• [ASSIGNMENT]
Would you transcribe the records below from the line with "Traphouse Caribbean - Oxtail" to the line with "Κινητικότητα Erasmus+ της", ends included, exactly and with nothing more, leaving the pictures out?

GIVEN RECORDS section start

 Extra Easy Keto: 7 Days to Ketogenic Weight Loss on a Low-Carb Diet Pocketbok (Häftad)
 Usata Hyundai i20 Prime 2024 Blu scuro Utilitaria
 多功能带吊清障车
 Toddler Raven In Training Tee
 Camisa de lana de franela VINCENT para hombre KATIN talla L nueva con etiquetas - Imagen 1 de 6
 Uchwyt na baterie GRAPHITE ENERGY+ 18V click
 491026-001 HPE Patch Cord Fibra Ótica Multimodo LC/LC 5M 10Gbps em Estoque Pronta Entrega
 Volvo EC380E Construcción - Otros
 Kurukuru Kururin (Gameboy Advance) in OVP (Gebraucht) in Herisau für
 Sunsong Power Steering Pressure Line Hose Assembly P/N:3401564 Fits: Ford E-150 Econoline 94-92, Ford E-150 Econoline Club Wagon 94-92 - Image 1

GIVEN RECORDS section end
GIVEN RECORDS section start

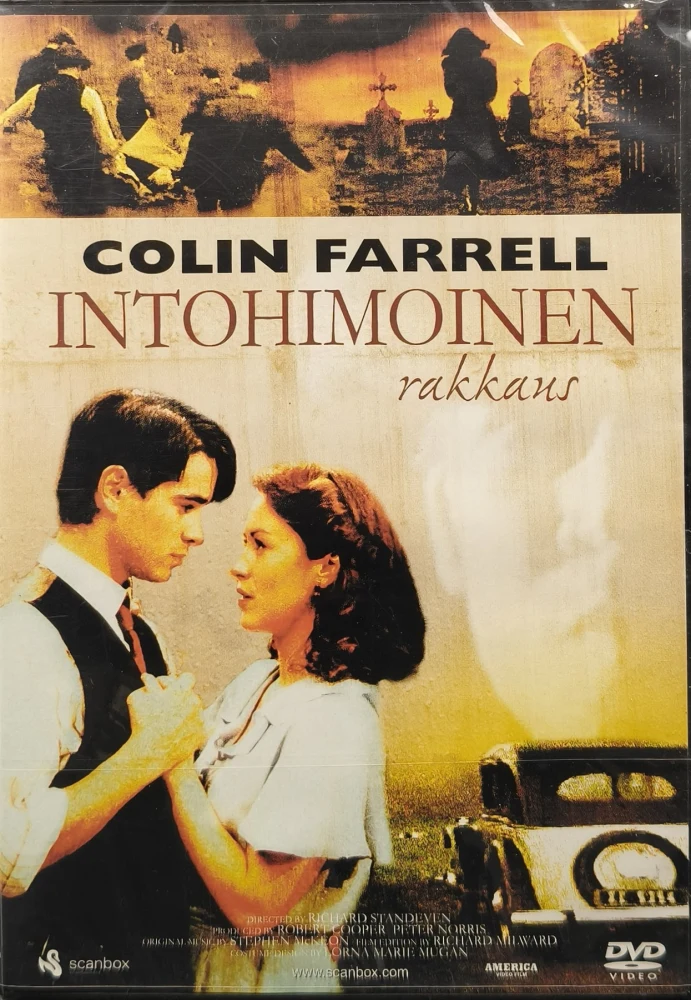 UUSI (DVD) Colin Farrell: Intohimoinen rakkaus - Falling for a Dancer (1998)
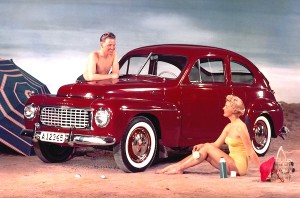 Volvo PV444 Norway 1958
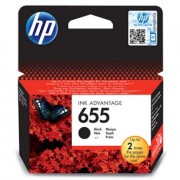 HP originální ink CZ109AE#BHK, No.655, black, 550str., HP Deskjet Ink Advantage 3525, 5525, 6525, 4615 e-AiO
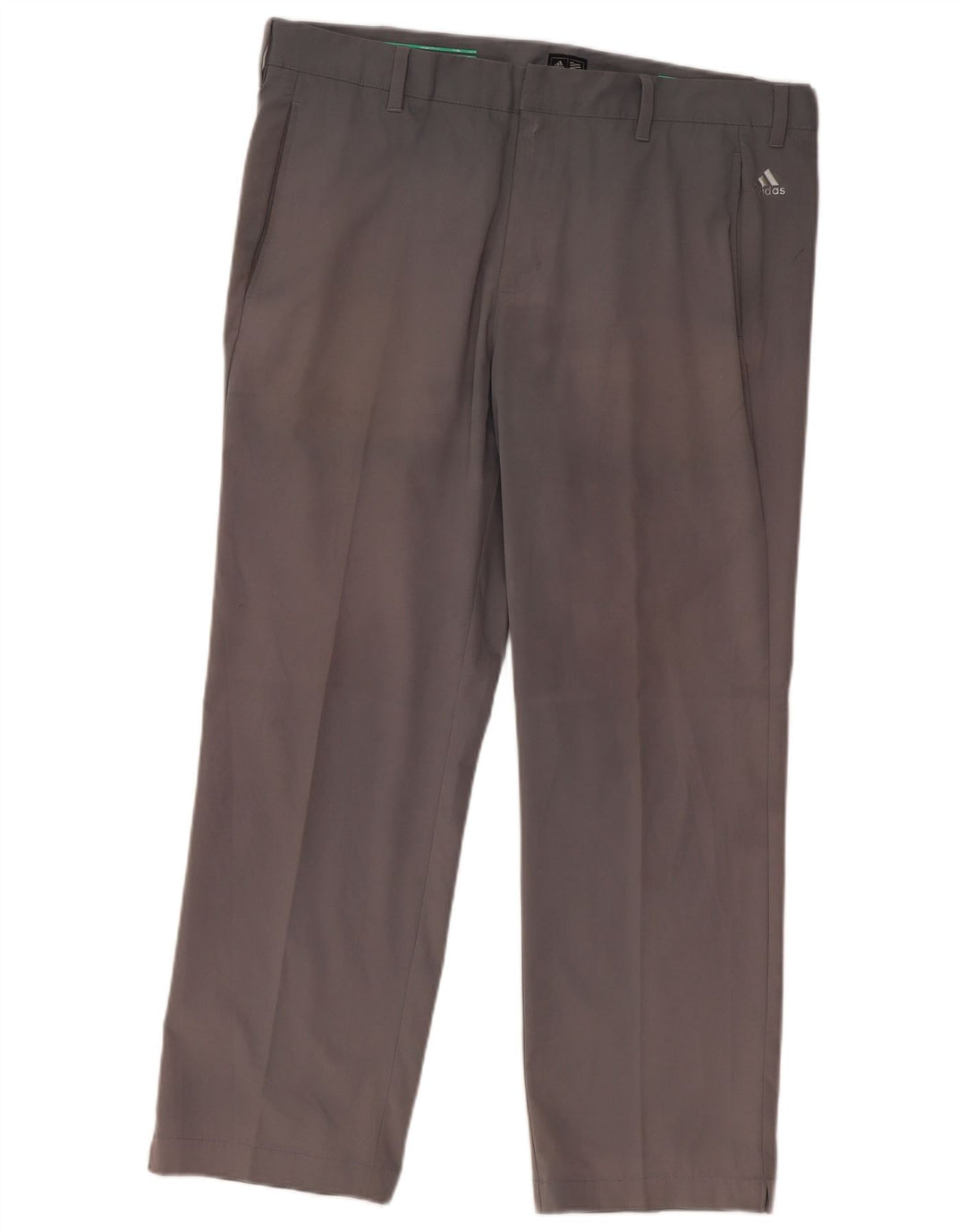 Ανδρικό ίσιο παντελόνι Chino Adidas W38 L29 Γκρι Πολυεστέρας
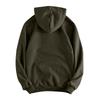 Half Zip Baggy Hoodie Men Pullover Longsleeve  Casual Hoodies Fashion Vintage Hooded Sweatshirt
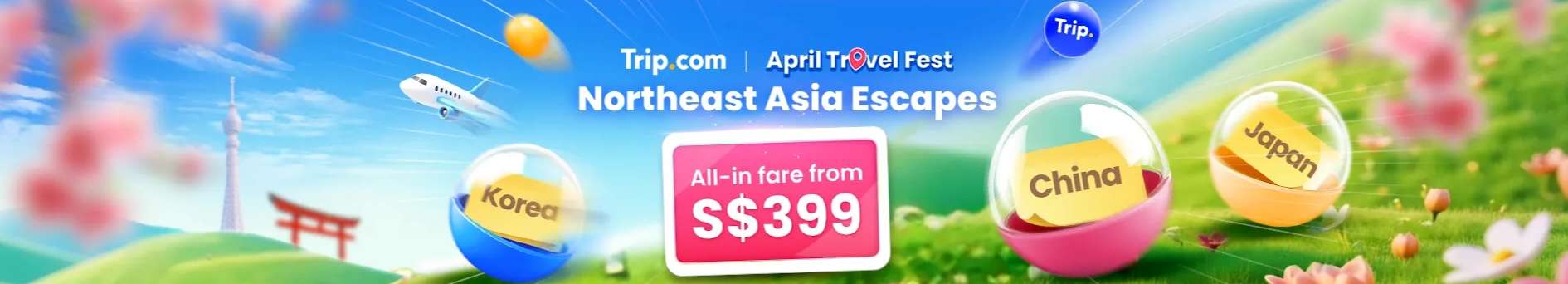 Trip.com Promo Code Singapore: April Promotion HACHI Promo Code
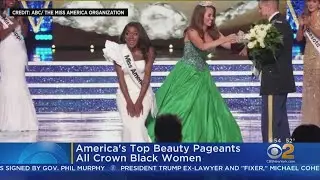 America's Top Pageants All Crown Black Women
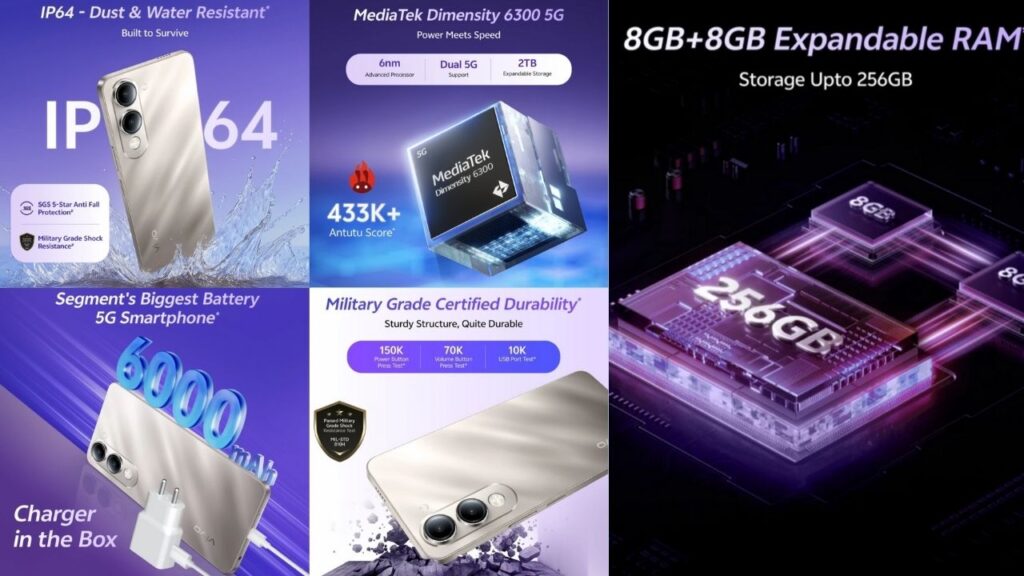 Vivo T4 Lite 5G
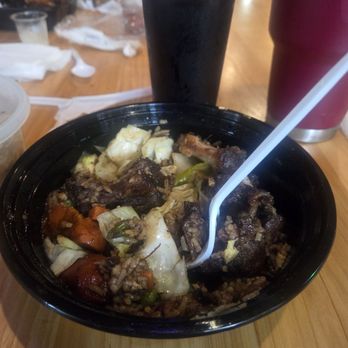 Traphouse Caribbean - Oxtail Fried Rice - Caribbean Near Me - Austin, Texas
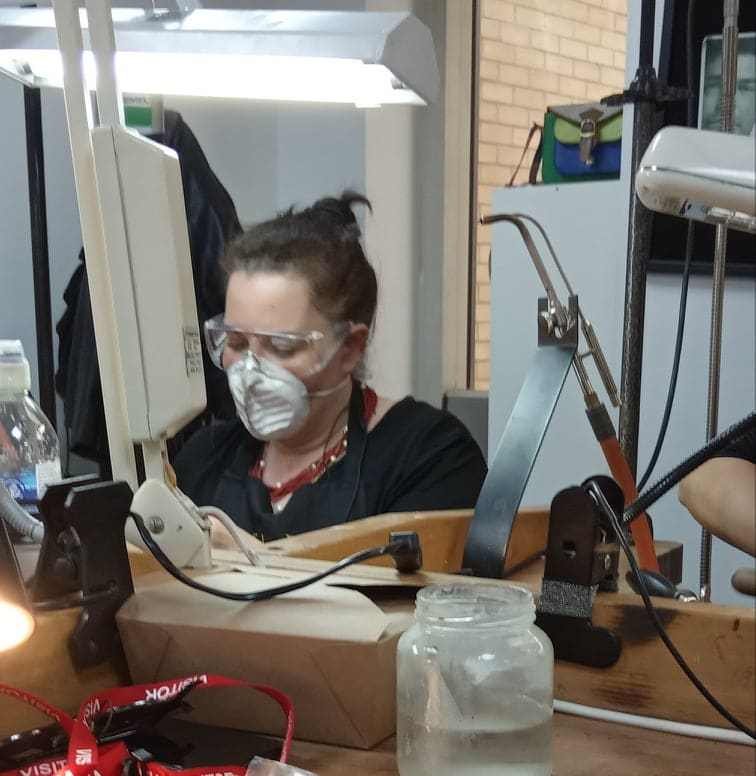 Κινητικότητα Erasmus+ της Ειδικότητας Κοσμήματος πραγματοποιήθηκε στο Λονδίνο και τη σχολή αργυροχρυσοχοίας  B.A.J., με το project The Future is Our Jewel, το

GIVEN RECORDS section end
GIVEN RECORDS section start

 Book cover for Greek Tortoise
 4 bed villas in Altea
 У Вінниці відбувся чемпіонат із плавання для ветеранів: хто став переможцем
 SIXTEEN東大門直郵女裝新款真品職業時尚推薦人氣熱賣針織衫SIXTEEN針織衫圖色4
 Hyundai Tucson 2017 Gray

GIVEN RECORDS section end

• [REPLY]
 Traphouse Caribbean - Oxtail Fried Rice - Caribbean Near Me - Austin, Texas
 Κινητικότητα Erasmus+ της Ειδικότητας Κοσμήματος πραγματοποιήθηκε στο Λονδίνο και τη σχολή αργυροχρυσοχοίας  B.A.J., με το project The Future is Our Jewel, το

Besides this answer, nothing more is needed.